- Assignment: When the line with "RP1000-8-02　精密レギュレータ　CKD　未使用品" turns up below, begin repeating exactly, and carry on through the line with "2024 Jeep Grand Cherokee L Altitude 4x4"; no pictures go into the copy.

- Dataset:
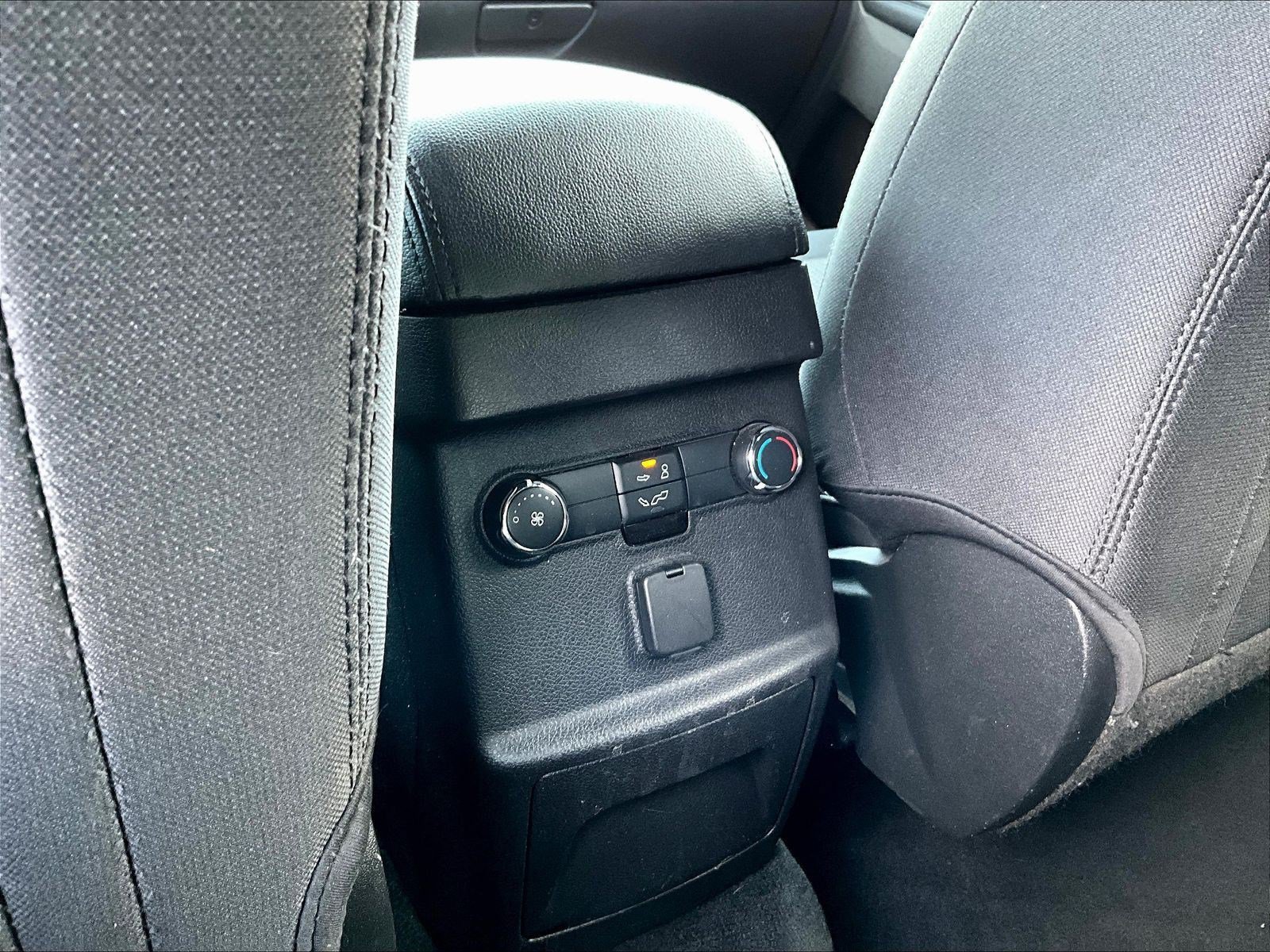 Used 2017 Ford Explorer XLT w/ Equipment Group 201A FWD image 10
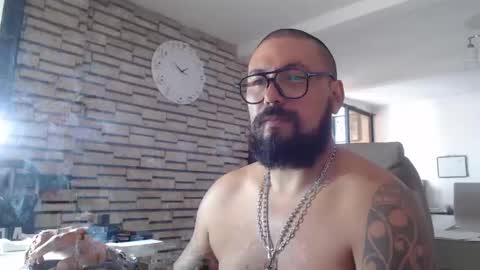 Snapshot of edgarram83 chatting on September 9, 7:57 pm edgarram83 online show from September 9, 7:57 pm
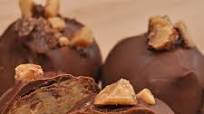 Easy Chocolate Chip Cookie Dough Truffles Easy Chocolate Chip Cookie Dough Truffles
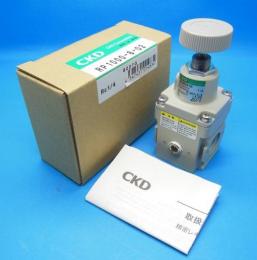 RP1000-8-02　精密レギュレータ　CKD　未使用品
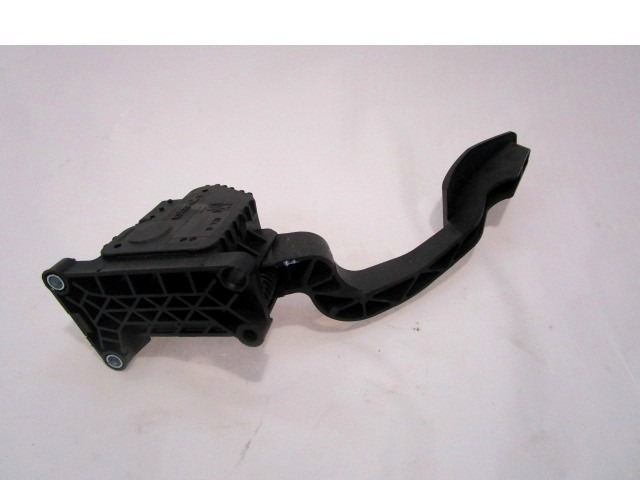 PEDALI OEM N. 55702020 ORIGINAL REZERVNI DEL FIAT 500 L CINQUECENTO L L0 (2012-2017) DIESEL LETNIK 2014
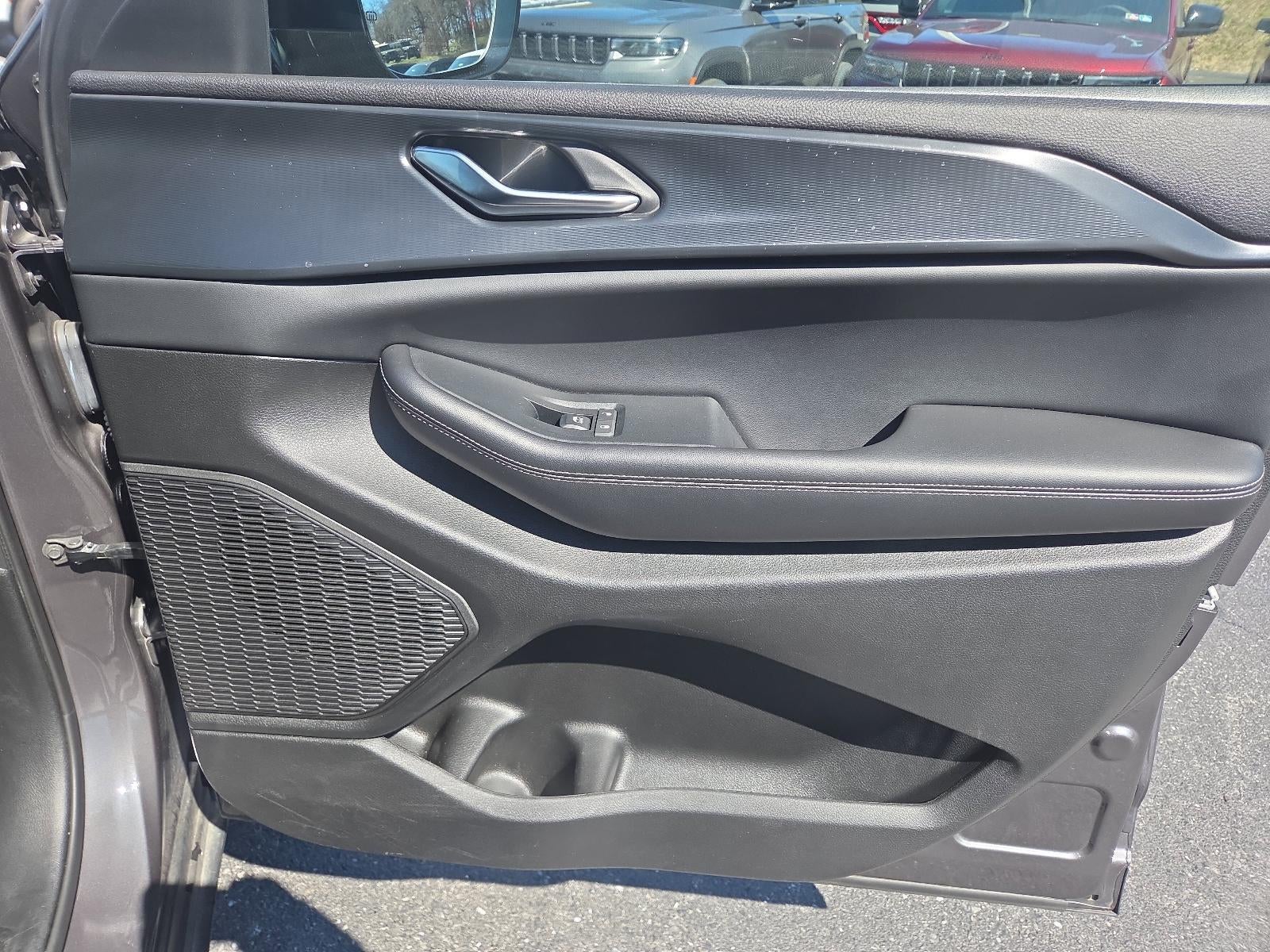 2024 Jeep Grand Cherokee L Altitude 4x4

==

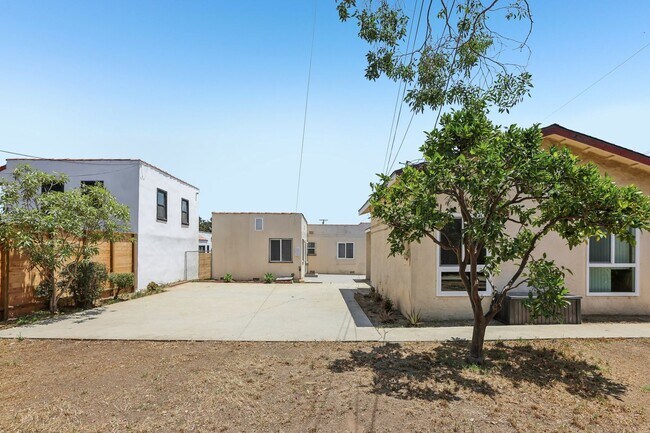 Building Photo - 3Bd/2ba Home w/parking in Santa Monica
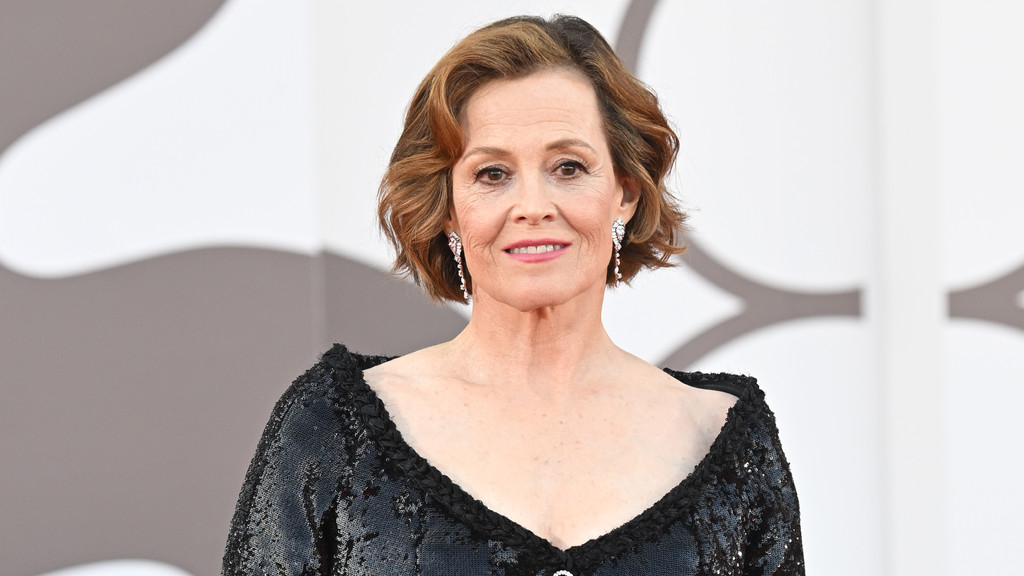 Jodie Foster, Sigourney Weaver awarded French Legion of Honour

--

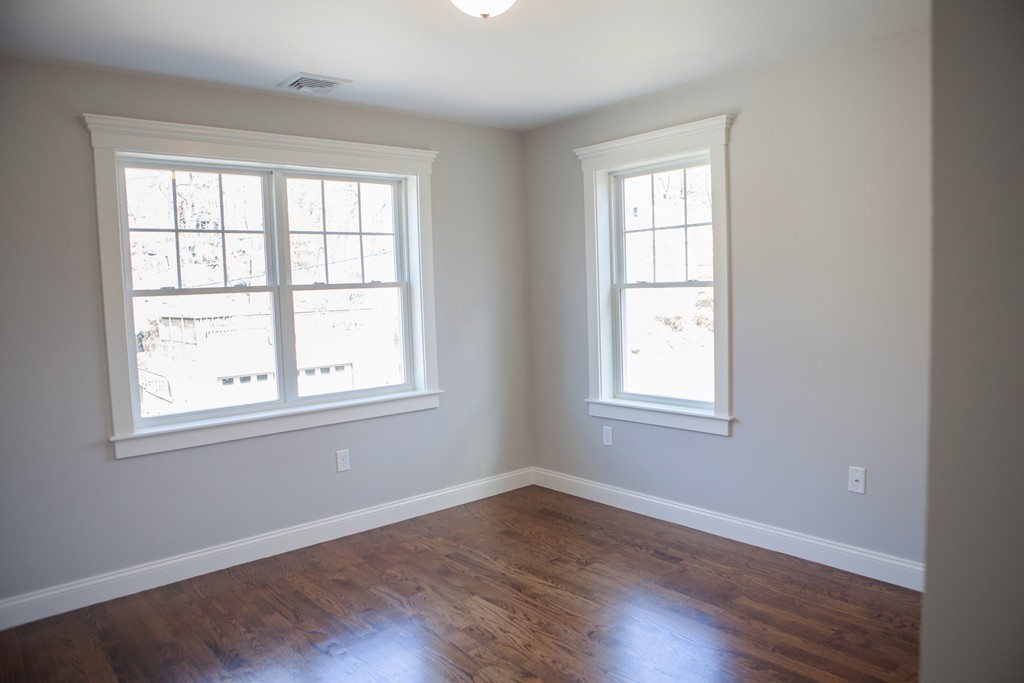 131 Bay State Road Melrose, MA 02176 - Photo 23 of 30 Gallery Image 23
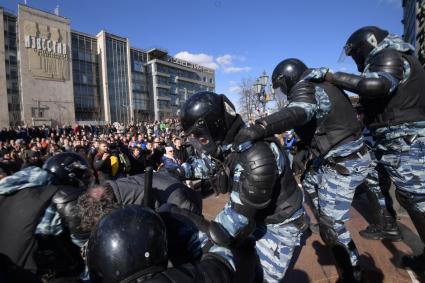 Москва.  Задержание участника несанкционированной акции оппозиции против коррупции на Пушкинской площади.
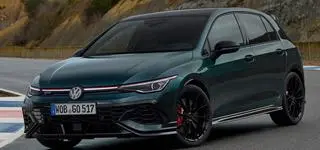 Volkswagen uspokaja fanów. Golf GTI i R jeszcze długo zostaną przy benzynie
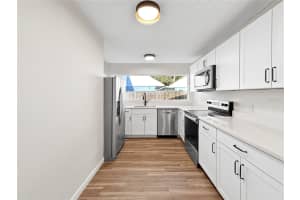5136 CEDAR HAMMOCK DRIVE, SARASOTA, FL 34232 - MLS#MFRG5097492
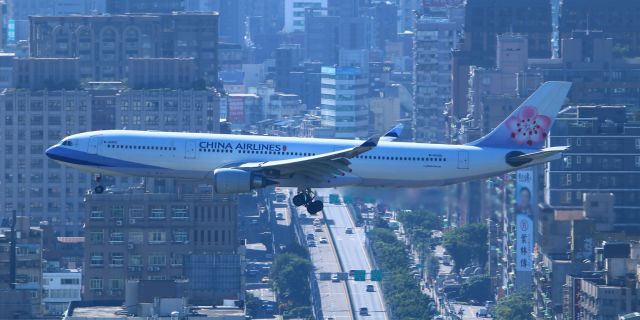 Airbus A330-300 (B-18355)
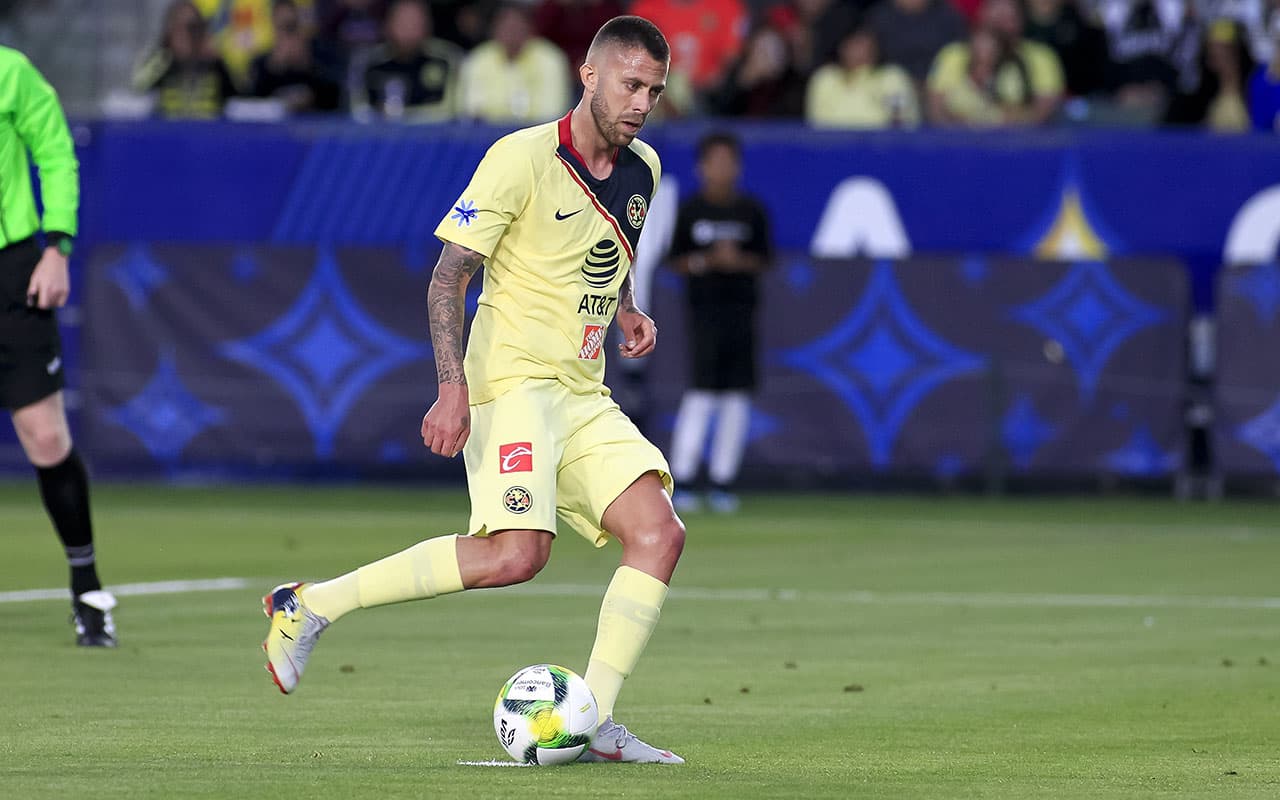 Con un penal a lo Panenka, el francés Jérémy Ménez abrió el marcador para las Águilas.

- The completed task:
 RP1000-8-02　精密レギュレータ　CKD　未使用品
 PEDALI OEM N. 55702020 ORIGINAL REZERVNI DEL FIAT 500 L CINQUECENTO L L0 (2012-2017) DIESEL LETNIK 2014
 2024 Jeep Grand Cherokee L Altitude 4x4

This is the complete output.